• Supplied entries:

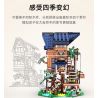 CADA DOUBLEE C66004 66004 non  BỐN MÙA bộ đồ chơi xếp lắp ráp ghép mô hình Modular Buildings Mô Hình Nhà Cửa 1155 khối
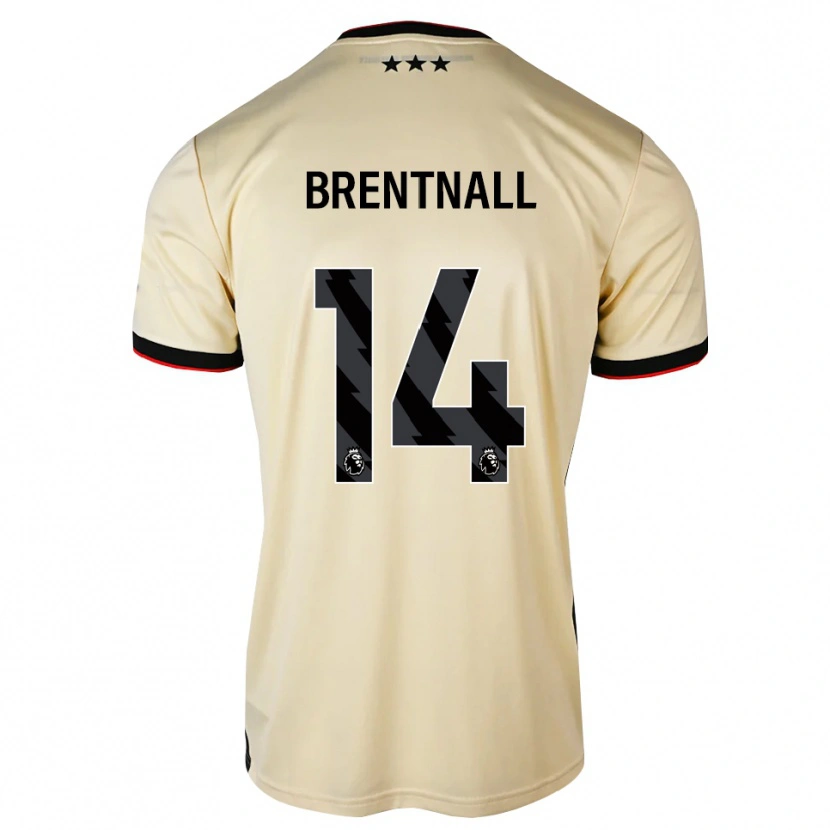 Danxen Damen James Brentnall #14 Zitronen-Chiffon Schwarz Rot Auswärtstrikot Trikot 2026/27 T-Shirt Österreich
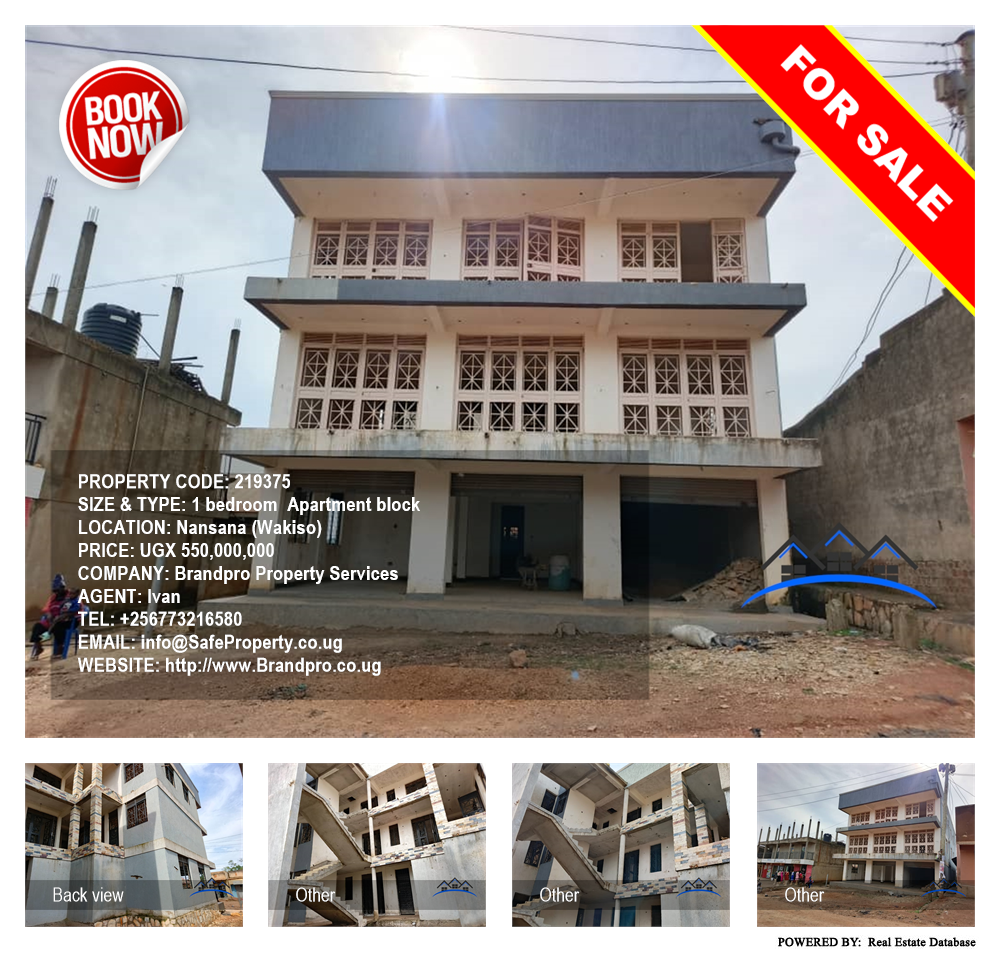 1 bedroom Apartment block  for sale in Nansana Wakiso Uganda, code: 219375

...

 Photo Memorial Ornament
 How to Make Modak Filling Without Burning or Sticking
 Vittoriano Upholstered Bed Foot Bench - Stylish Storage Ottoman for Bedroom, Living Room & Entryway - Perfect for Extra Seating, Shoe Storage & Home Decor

==

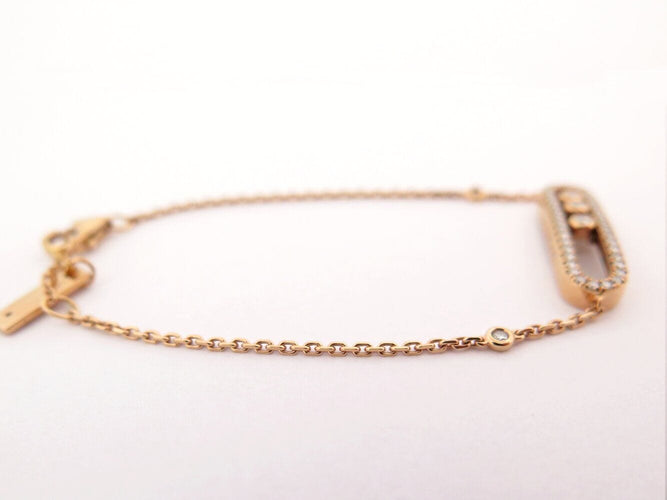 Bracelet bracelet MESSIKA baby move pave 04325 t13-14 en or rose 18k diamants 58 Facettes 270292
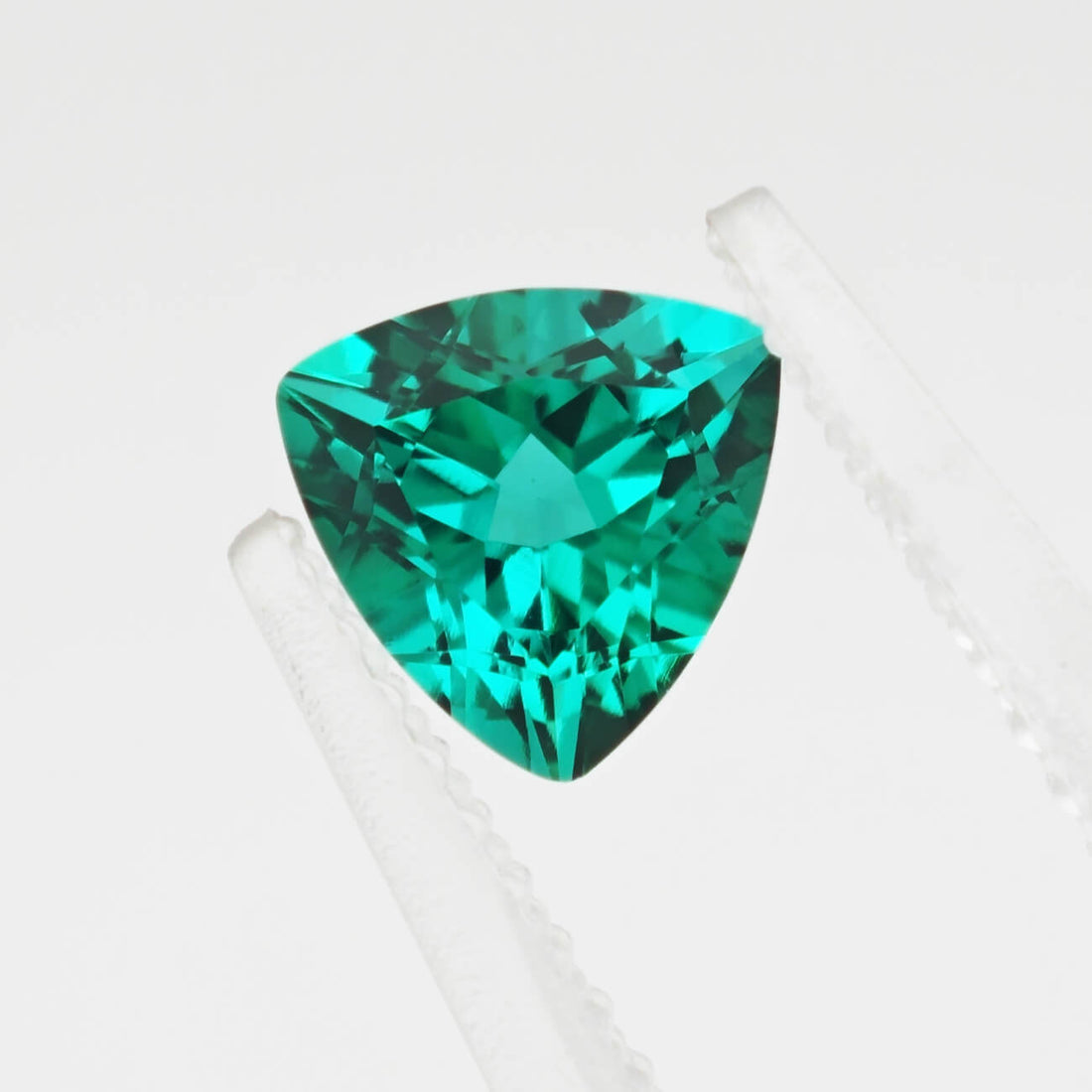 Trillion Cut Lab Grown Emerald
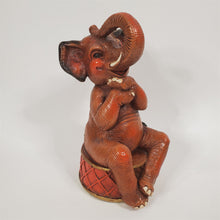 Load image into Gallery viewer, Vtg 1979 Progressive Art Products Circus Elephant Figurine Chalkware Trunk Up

• What you will do: From the listing above, repeat only the lines between the line containing "CADA DOUBLEE C66004" and the line containing "Danxen Damen James", those two included. Pictures are not part of the copy.

• Exercise solution:
 CADA DOUBLEE C66004 66004 non  BỐN MÙA bộ đồ chơi xếp lắp ráp ghép mô hình Modular Buildings Mô Hình Nhà Cửa 1155 khối
 Danxen Damen James Brentnall #14 Zitronen-Chiffon Schwarz Rot Auswärtstrikot Trikot 2026/27 T-Shirt Österreich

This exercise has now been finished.